As we rise from a long, dusky slumber and look at ourselves after three quarters of a century, we find ourselves engulfed in multiple crises threatening our very existence today. Pakistan’s crisis today, which is genuinely a polycrisis, looks like a tangled thread ball – and we need to find out what thread to pull to untangle it.
While at the heart of the crisis is the very structure of our state, (national security state), the economic, social and cultural policies pursued at home and the foreign policy executed abroad to strengthen the policies at home, seem to be the fountainhead of the polycrisis we face today.
As a consequence of those policies, we have arrived at this governance, economic, political, security and cultural collapse. We stand at the cusp of a failed state today.
The multiple experiments during the evolution of our post-colonial state – civil bureaucracy dominated to military bureaucracy led, direct martial laws followed by a brief civilian supremacy of ZAB, the troika brand hybrid model of the 1990s, the new hybrid variant from 2008 to 2018 and the 2018-2022 hybrid of the hybrid – have created the polycrisis we face today.
True, economic default stares us in the face today. We are where we are not because of the eight months or, for that matter, the policies of the last four years or the policies of the hybrid of the hybrid regime of Imran Khan. We are here because of the economic policies of many, many decades of all the models that have ruled the roost.
We may resume in the IMF programme and might get a dole out and a few more loans from friendly countries but continuing the economic policies of the past will push us where we might end up as a friendless country with no future.

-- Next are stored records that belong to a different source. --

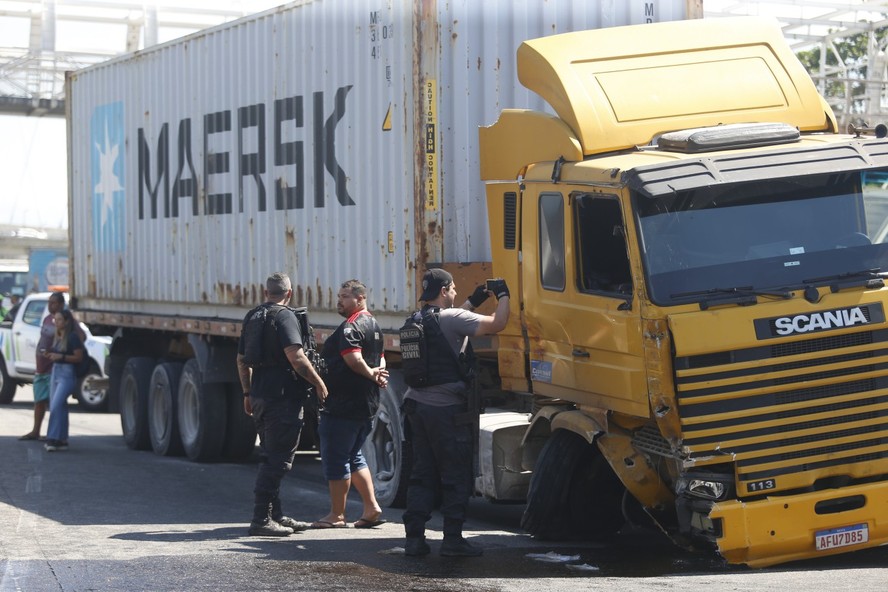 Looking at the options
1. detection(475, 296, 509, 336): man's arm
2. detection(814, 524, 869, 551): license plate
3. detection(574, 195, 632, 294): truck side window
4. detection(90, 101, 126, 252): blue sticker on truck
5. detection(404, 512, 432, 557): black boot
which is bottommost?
detection(404, 512, 432, 557): black boot

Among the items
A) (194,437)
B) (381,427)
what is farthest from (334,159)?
(194,437)

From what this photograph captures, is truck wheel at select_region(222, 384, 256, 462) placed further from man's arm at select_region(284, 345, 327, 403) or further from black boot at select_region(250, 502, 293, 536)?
man's arm at select_region(284, 345, 327, 403)

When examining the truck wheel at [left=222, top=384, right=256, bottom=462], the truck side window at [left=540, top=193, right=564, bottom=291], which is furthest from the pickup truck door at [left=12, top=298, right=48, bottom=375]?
the truck side window at [left=540, top=193, right=564, bottom=291]

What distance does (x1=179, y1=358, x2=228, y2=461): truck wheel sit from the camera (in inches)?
572

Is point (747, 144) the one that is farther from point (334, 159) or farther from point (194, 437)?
point (194, 437)

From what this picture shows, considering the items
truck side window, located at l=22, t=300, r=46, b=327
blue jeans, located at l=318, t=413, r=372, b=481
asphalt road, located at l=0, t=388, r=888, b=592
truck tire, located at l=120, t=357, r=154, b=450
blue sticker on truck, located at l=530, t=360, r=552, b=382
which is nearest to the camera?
asphalt road, located at l=0, t=388, r=888, b=592

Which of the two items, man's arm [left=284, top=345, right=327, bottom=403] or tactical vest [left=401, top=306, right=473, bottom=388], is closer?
tactical vest [left=401, top=306, right=473, bottom=388]

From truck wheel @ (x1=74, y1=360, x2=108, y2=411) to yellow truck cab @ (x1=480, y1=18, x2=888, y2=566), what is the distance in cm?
1385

The current coalition leadership has a daunting challenge in front of them. They can get out of the kitchen if it is too hot, but they would also have to take the responsibility for getting into the kitchen in the first place. The second option is even more challenging. They can also opt for laying the foundation for the much-needed reforms and include those reforms in their election manifestos.
The current taxation system is predatory. It spares the evaders and punishes the payers and is bringing economic collapse. It is not sustainable.
The historical choking of the civilian institutions by the establishment has created the current mess we are in. Although there was an admission by the former COAS and the reiteration not to pursue the policies of the past, we shall see how that resolve is put into practice by the current leadership. Ronald Reagan once said: Trust but verify.
The country must switch from a geostrategic to a geo-economic vision, resolving some and putting on the backburner some with our neighbours to promote regional trade and better economic ties.
The political class and the establishment must agree to an economic vision for the country and ensure political stability, following the rules of the game and saying farewell to political engineering. If we don’t do it, we will sooner rather than later end up as a failed state. A nuclear armed failed state with multiple ethnic, religious, social and class fault lines will be more catastrophic than Yugoslavia, Iraq, Libya and Rwanda, all rolled into one.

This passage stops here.